ACE plugs into the [OpenAI Agents SDK](https://openai.github.io/openai-agents-python/)
as a **self-improving memory**. The playbook is injected into your agent's
instructions on every run; after each task you hand back feedback (a label *or*
just natural execution signal) and ACE grows the playbook.

```bash
pip install "ace-playbook[all]"     # adds openai + openai-agents (SDK needs Python 3.10+)
export OPENAI_API_KEY=sk-...
```

One call wraps your agent so it learns — `wrap_agent` builds the ACE engine,
loads a saved playbook if present, and persists what it learns:

```python
from agents import Agent
from ace import wrap_agent                # one top-level import

agent = wrap_agent(
    Agent(name="Support", instructions="You are a concise support agent."),
    model="gpt-4o-mini",
    playbook="support_memory.json",       # load if it exists; save target for .save()
)

# Run + learn from execution feedback — no ground-truth labels needed:
out = agent.run_and_learn(
    "Cancel order #C99",
    signal="Policy: cancellation requires identity verification first.",
)
print(out.output)
print(agent.playbook.render())            # the agent just wrote itself a rule
agent.save()                              # learned memory survives a restart
```

You don't have to think about the internals — but they're all there:

- **Auto-learn from tool errors** — a `RunHooks` listener records each run; if a
  tool fails and you pass no explicit feedback, that error becomes the signal.
- **Rich trajectories** — tool calls/outputs/messages are captured via the SDK's
  typed run-items, so the Reflector learns from *what actually happened*.
- **Tracing** — the learning step is emitted as an `ace.learn` span next to the
  agent run in the OpenAI trace UI.
- **Async** — inside an event loop (FastAPI, notebooks), use the same-semantics
  async entry points: `await agent.arun_and_learn("Cancel #C99", signal="...")`.
- **Streaming** — `await agent.arun_streamed_and_learn(query, on_event=...)`,
  or `agent.stream(query)` for full control over `stream_events()`.
- **Sessions are orthogonal** — ACE memory is *cross-task learned strategy*;
  the SDK's `session=` is *within-conversation history*. Pass a session straight
  through any run: `agent.run_and_learn(q, session=my_session, signal=...)`.

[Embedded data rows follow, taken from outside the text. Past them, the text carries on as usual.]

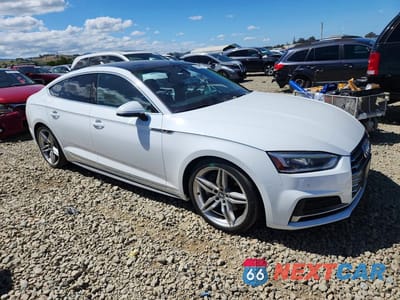 Czwarte zdjęcie samochodu z boku: 2018 AUDI A5 PREMIUM PLUS S-LINE VIN:WAUENCF56JA009158 - miniatura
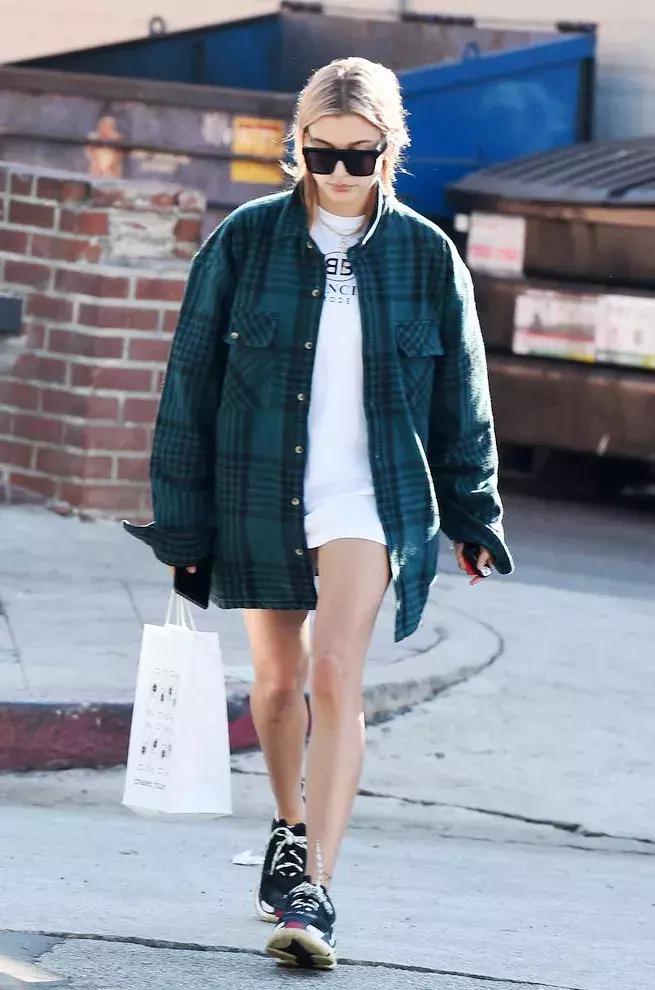 刘雯格纹,刘雯穿格纹衫好看吗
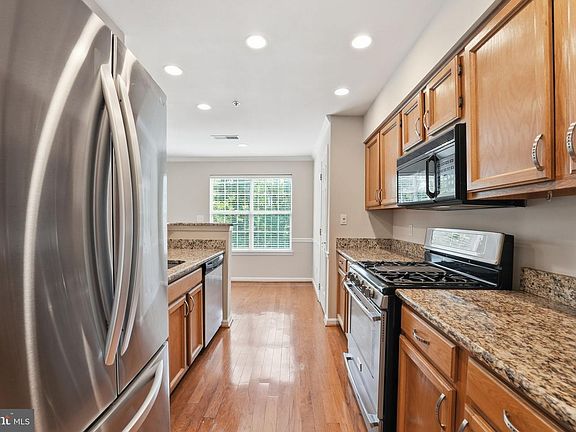 2nd image of 11014 Koman Cir APT 203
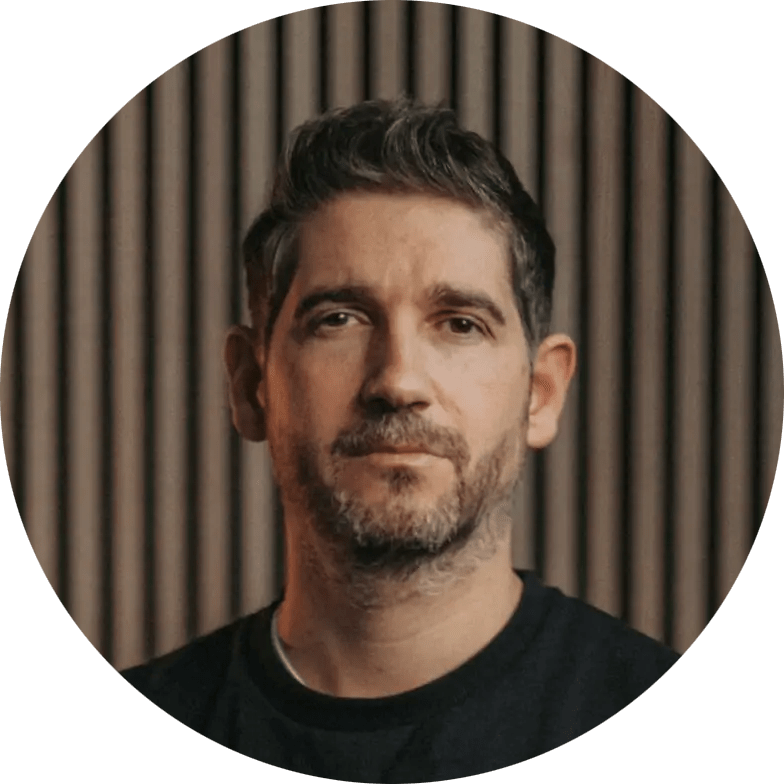 Heuser-Portrait-rund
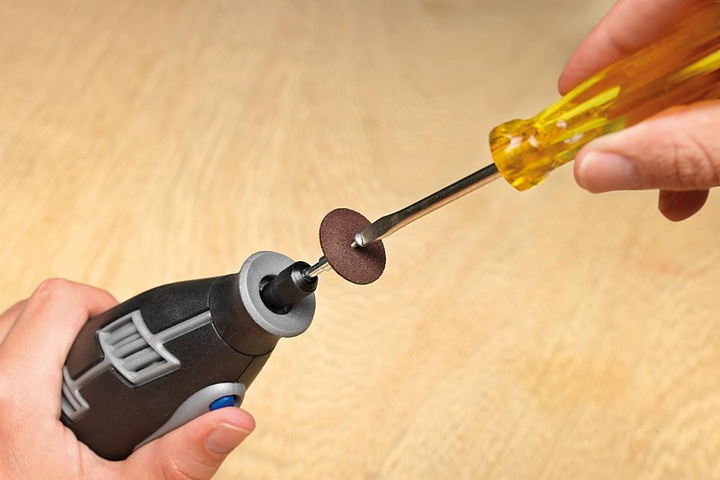 Подставка из дуба, для насадок Dremel | Dremel projeleri, Alet depolama, Dremel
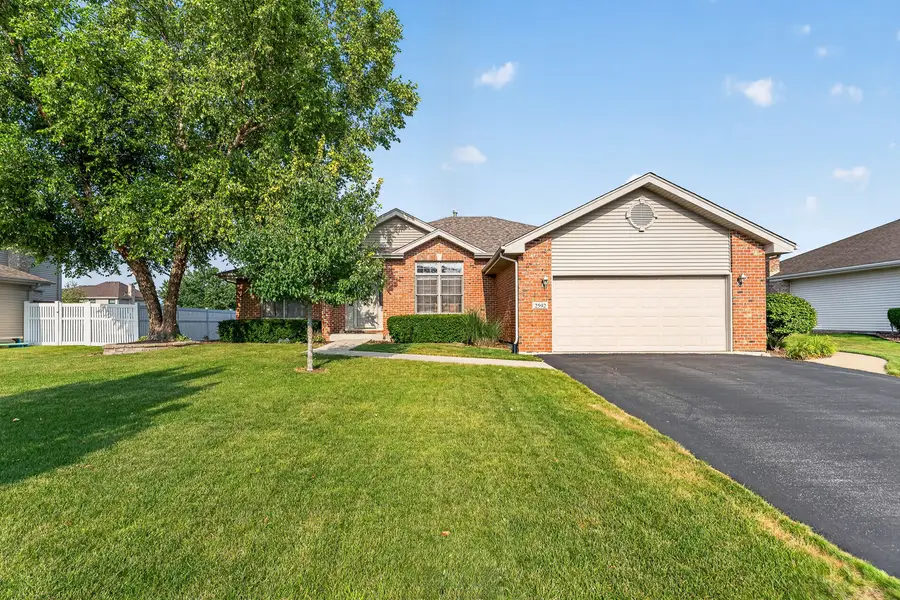 2592 Molly Court, New Lenox, IL 60451 - #2
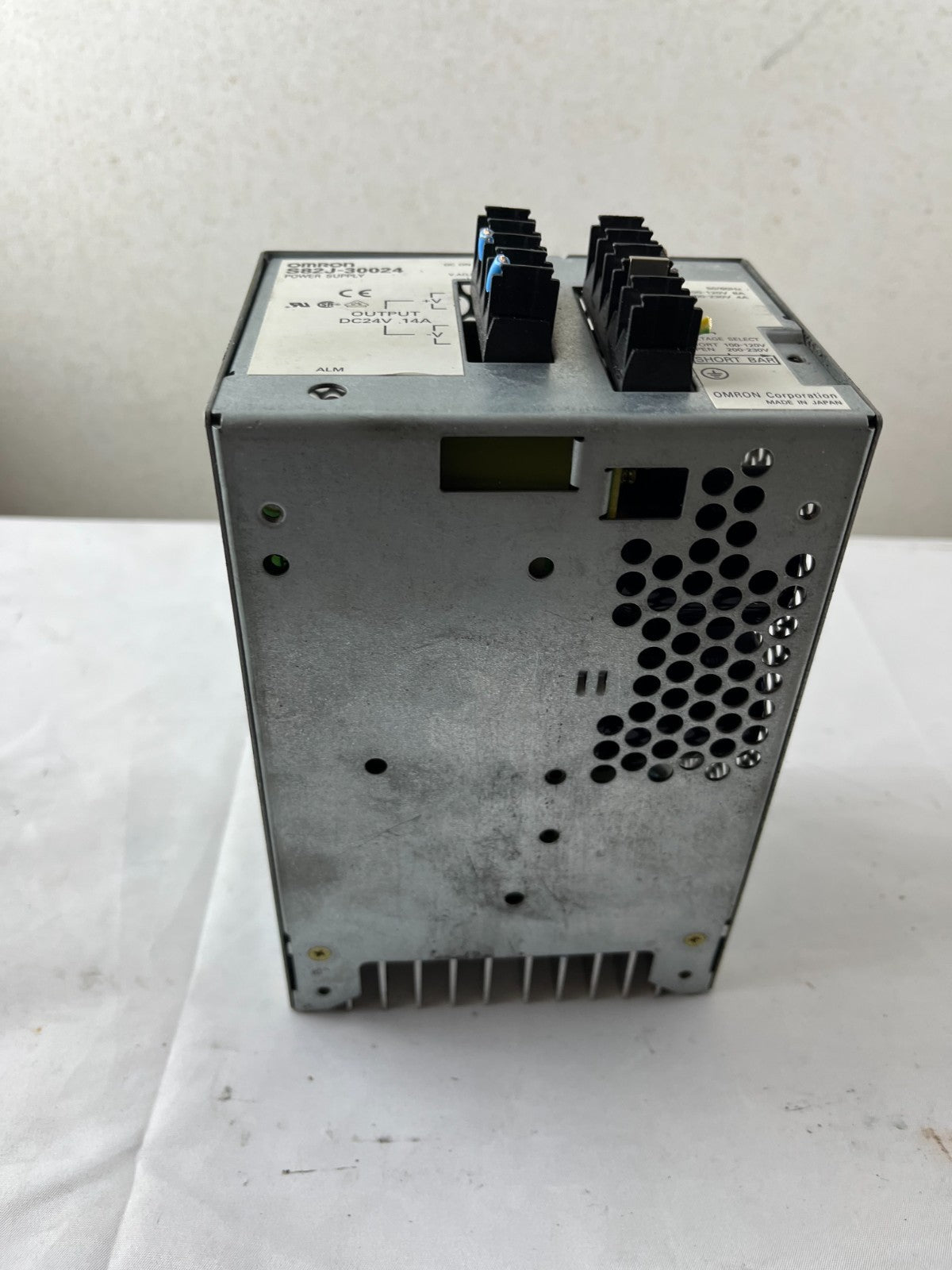Omron S82J-30024 Power Supply 24V DC 14A 100–120/200–230V AC Used Japan Spare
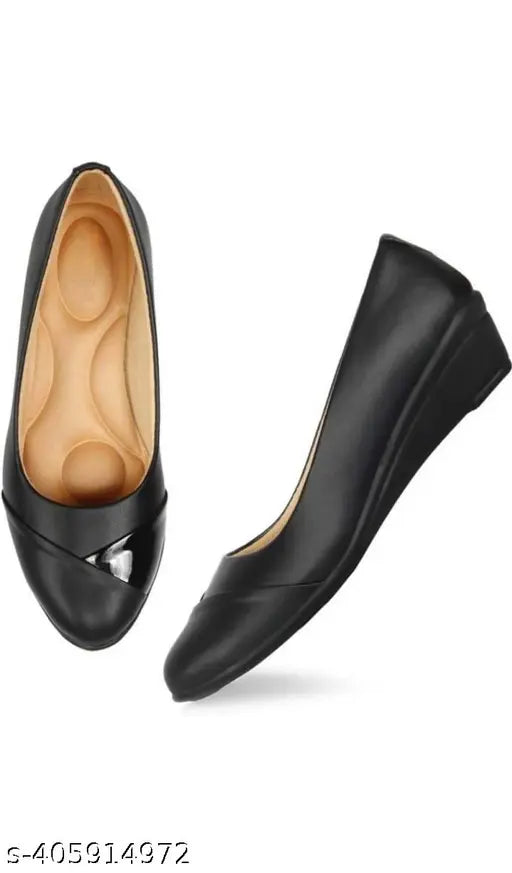 Black synthetic leather slip-on ballerinas for women, solid style with Indian origin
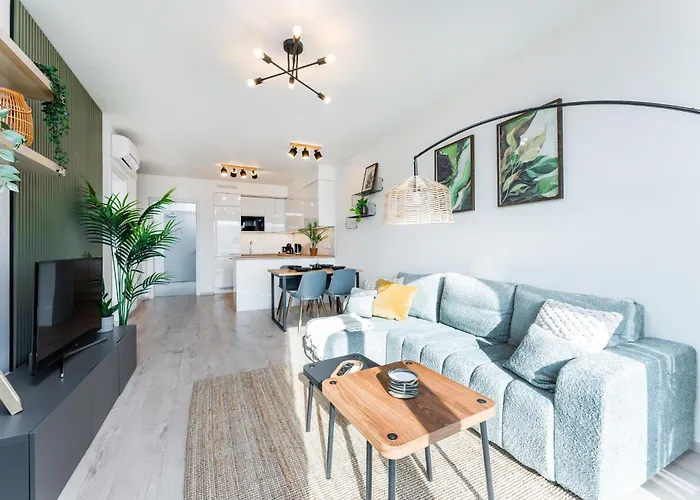 One Bedroom O2 Arena Dinopark Apartment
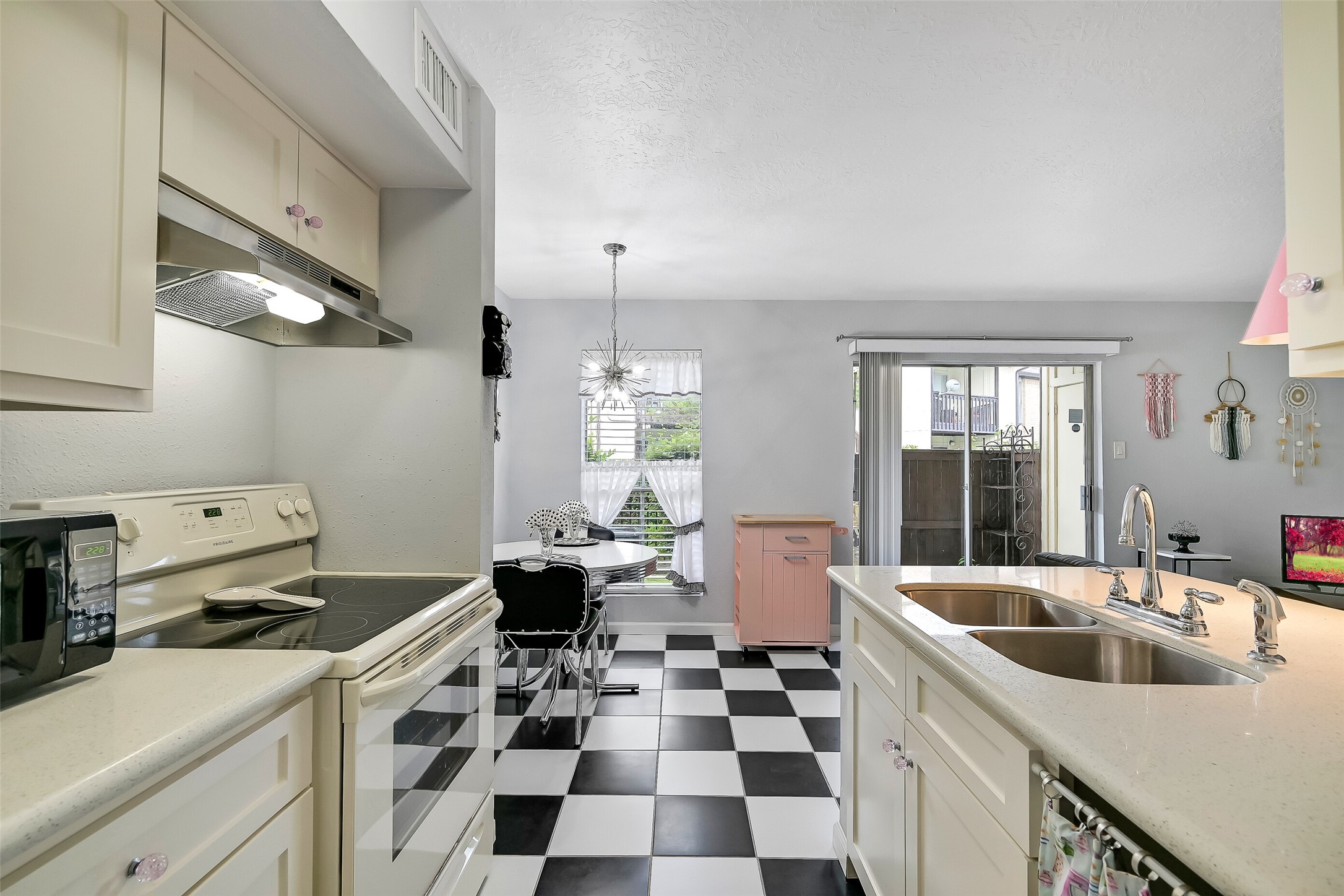 1500 Bay Area Boulevard 346 Property Photo 11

Need to share one engine across agents, use a non-OpenAI backend, or pass dynamic
(callable) base instructions? Drop down to `ACEAgent(base, ace=...)` directly —
`wrap_agent` is just the batteries-included wrapper around it. A runnable
end-to-end example lives in `examples/04_openai_agents.py`.

---

## 🧩 Use it on *your own* task

Two extension points make ACE general-purpose — bring your own `Task` and your
own feedback (no ground-truth labels required):

```python
from ace import ACE, Feedback, Sample, Task, OpenAILLM

my_task = Task(name="my-domain", samples=[Sample(id="1", question="...")],
               evaluate=lambda pred, s: my_score(pred, s))

def my_feedback(sample, generation) -> Feedback:
    # plug in execution signals, a reward fn, or an LLM judge — your call
    ok = run_my_checks(generation.answer)
    return Feedback(correct=ok, signal="tests passed" if ok else "tests FAILED")

ace = ACE(OpenAILLM(model="gpt-4o-mini"))
ace.adapt_online(my_task, feedback_fn=my_feedback)   # learns from YOUR signals
```

See `examples/05_custom_task.py` (runs offline). The Curator calls the LLM to
propose `ADD`/`UPDATE`/`REMOVE` edits by default (deterministic fallback never
drops a lesson); force deterministic curation with `ACEConfig(curator_use_llm=False)`.

---

## 🧠 How it works

```mermaid
flowchart LR
    Q([Query]) --> G[Generator]
    PB[(Context Playbook)] -. injected .-> G
    G -->|trajectory + bullet usage| R[Reflector]
    FB([Feedback: labels or execution signal]) --> R
    R -->|insights, iterative refinement| C[Curator]
    C -->|delta items| M{{Deterministic Merge - non-LLM}}
    M --> PB
    M --> GR[Grow & Refine: dedupe / prune]
    GR --> PB
    classDef role fill:#1e293b,color:#fff;
    classDef store fill:#2563eb,color:#fff;
    classDef det fill:#16a34a,color:#fff;
    class G,R,C role;
    class PB store;
    class M,GR det;
```

1. **Generator** solves the query using the current playbook, flagging which bullets helped or misled.
2. **Reflector** critiques the trajectory against feedback and distills concrete, reusable **insights** (optionally over several refinement rounds).
3. **Curator** turns insights into a few **delta operations** (`ADD` / `UPDATE` / `REMOVE`).
4. **Deterministic merge** applies those edits to the playbook — *no LLM, no rewrite, no collapse.*
5. **Grow-and-refine** de-duplicates (semantic or lexical) and prunes consistently harmful bullets.

ACE runs in two regimes — multi-epoch **offline** optimization and sequential **online** test-time adaptation (which can be warm-started from an offline playbook):

```mermaid
flowchart LR
    subgraph Offline["Offline — system-prompt optimization"]
        TR[(Train split)] --> EP{Multi-epoch}
        EP --> ST[ACE.step] --> EP
        EP --> PBO[(Playbook)]
    end
    subgraph Online["Online — test-time memory"]
        S[Next sample] --> PR[predict] --> LE[learn] --> S
    end
    PBO -. optional warm start .-> Online
    classDef store fill:#2563eb,color:#fff;
    class PBO store;
```

Full diagrams (roles, bullet lifecycle, grow-and-refine, feedback regimes, data model — 14 in total) live in **[ARCHITECTURE.md](ARCHITECTURE.md)** and on the **[docs site](https://rrahimi-uci.github.io/agentic-context-engineering/architecture.html)**.

---

## 📊 Results

### Reproducible, in this repo (offline teaching environment, no API key)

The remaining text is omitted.